For each record below, set it down exactly but leave out any picture.

» **Records contained in a dataset**
::::::::::
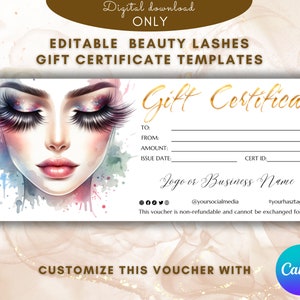 Beauty Lashes Geschenkgutschein Vorlage Elegant Beauty Lashes Geschenkgutschein Vorlage Gutschein Printable Voucher EDITIERBAR, Beauty Salon Geschenk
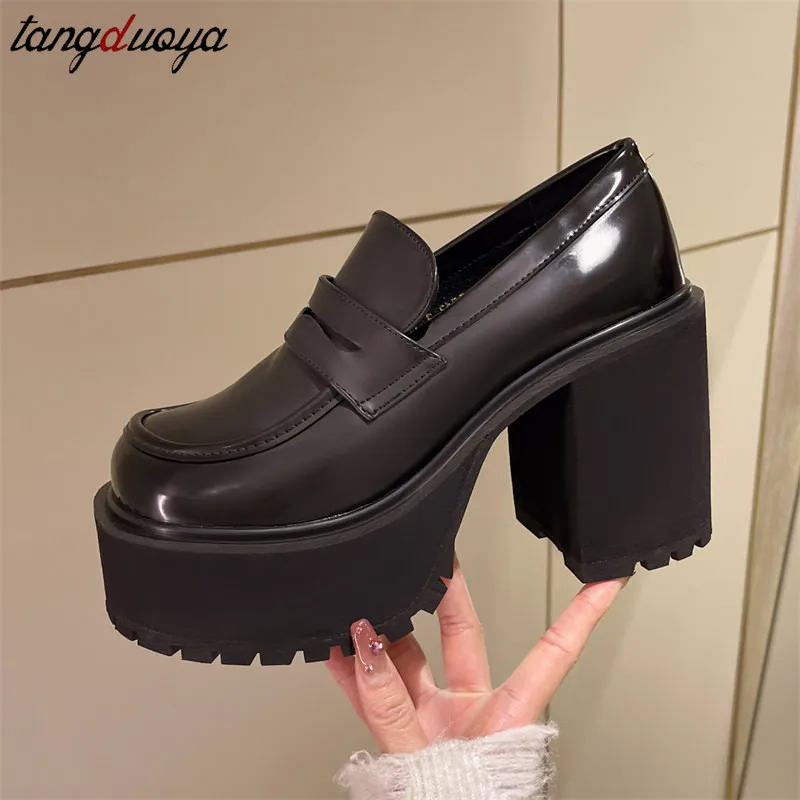 

platform heels loafers Women Shoes Black Chunky Heel Pumps Leather Lolita Style Platform Cover Heel Slip-On Sexy Shoes Lady Shoe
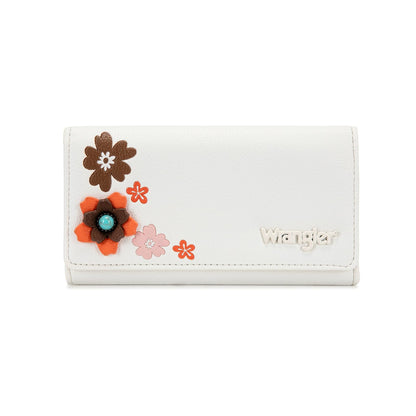 HOTX Wrangler Women's Wallet RFID Blocking Large Floral Trifold Wallets | Large Capacity, Floral Print, Multi Card Slots, ID Window, Money organizer & Coin pocket, Ideal Gift Choice for All Holidays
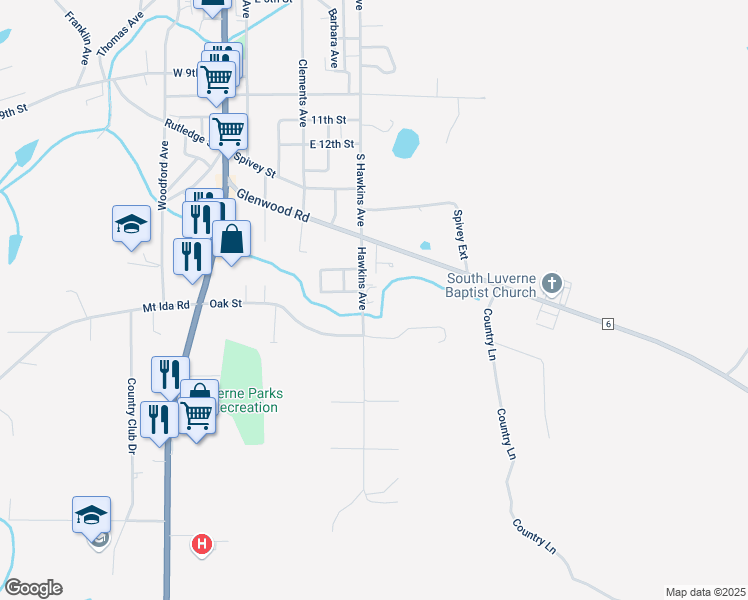 map of restaurants, bars, coffee shops, grocery stores, and more near 929 Hawkins Avenue in Luverne
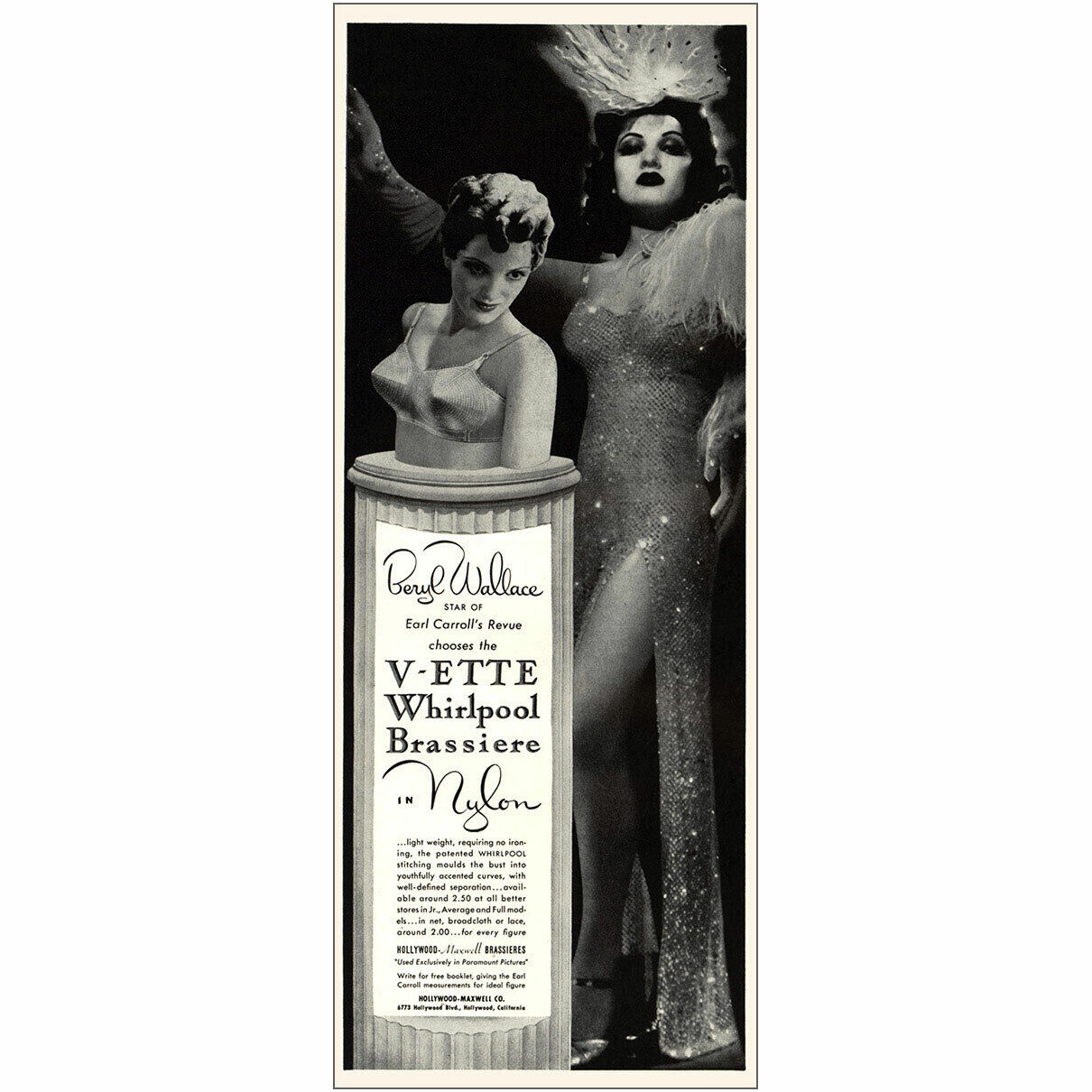 1941 V Ette Whirlpool Brassiere: Beryl Wallace Vintage Print Ad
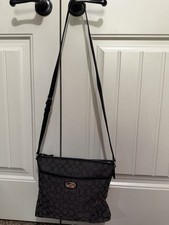 Coach F36182 Signature File Bag Black Grey Crossbody Shoulder Bag Purse
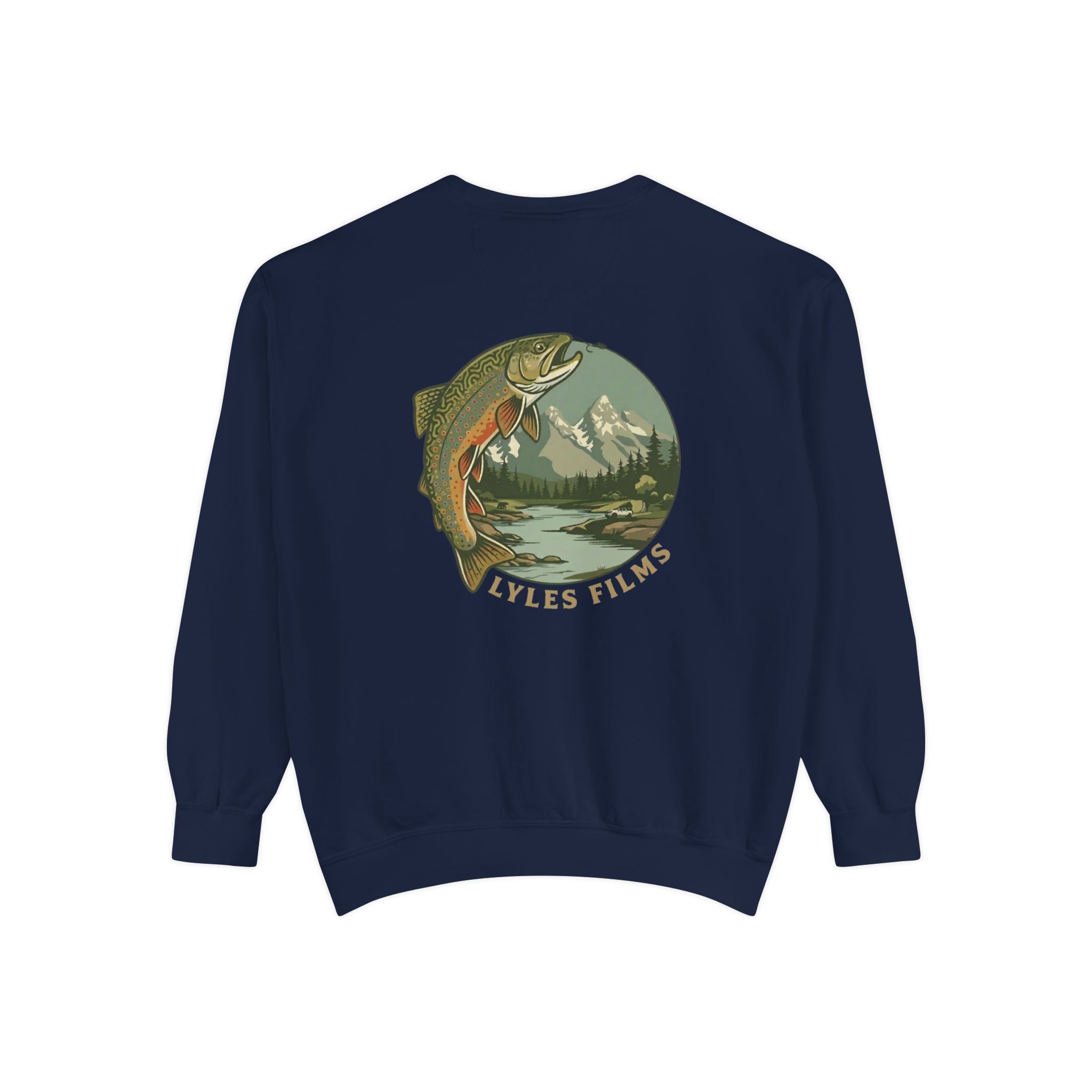 Fishing Crewneck Sweatshirt — 'Lyles Films' Trout Mountain Graphic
::::::::::
» **Response below**
 Beauty Lashes Geschenkgutschein Vorlage Elegant Beauty Lashes Geschenkgutschein Vorlage Gutschein Printable Voucher EDITIERBAR, Beauty Salon Geschenk

platform heels loafers Women Shoes Black Chunky Heel Pumps Leather Lolita Style Platform Cover Heel Slip-On Sexy Shoes Lady Shoe
 HOTX Wrangler Women's Wallet RFID Blocking Large Floral Trifold Wallets | Large Capacity, Floral Print, Multi Card Slots, ID Window, Money organizer & Coin pocket, Ideal Gift Choice for All Holidays
 map of restaurants, bars, coffee shops, grocery stores, and more near 929 Hawkins Avenue in Luverne
 1941 V Ette Whirlpool Brassiere: Beryl Wallace Vintage Print Ad
 Coach F36182 Signature File Bag Black Grey Crossbody Shoulder Bag Purse
 Fishing Crewneck Sweatshirt — 'Lyles Films' Trout Mountain Graphic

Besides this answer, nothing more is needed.